South Africa has launched Scam Signal, a real-time fraud detection service designed to help banks prevent authorised push payment (APP) fraud.
What is authorised push payment (APP)? This type of fraud occurs when criminals manipulate individuals or businesses into authorising payments to accounts controlled by fraudsters. Because the customer approves the payment, banks often have limited ability to stop or reverse the transaction once funds are sent.
Who is making this happen? The South African deployment was made possible through collaboration between several major unnamed banks, MTN Chenosis, an API marketplace, global analytics firm FICO, Jersey Telecom, and the GSMA, the advocacy and lobbying organisation for the mobile communications industry.

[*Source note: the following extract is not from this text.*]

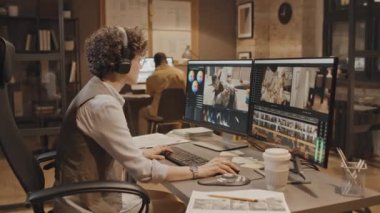 Orta boy beyaz kadın ofis çalışanı iki bilgisayar ekranının montaj görüntülerine bakıyor.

Why this launch? Financial fraud continues to rise in South Africa, with losses approaching R2.7 billion ($168 million) in 2024. APP fraud is particularly difficult to tackle because it exploits human behaviour rather than technical system weaknesses, leaving traditional fraud controls less effective.
How Scam Signal works: The service is delivered through APIs that connect banking systems directly to mobile networks. It enables banks to assess fraud risk during live transactions by analysing mobile network data alongside banking data. The system identifies behavioural signals associated with social engineering scams (like suspicious call activity) while a payment is being made. This allows banks to intervene in real time by pausing transactions or sending alerts.
Will this work? The South African launch follows a successful rollout in the UK in 2024. According to the GSMA, Scam Signal reduced the number of scam victims by up to 40%, providing early evidence of the model’s effectiveness.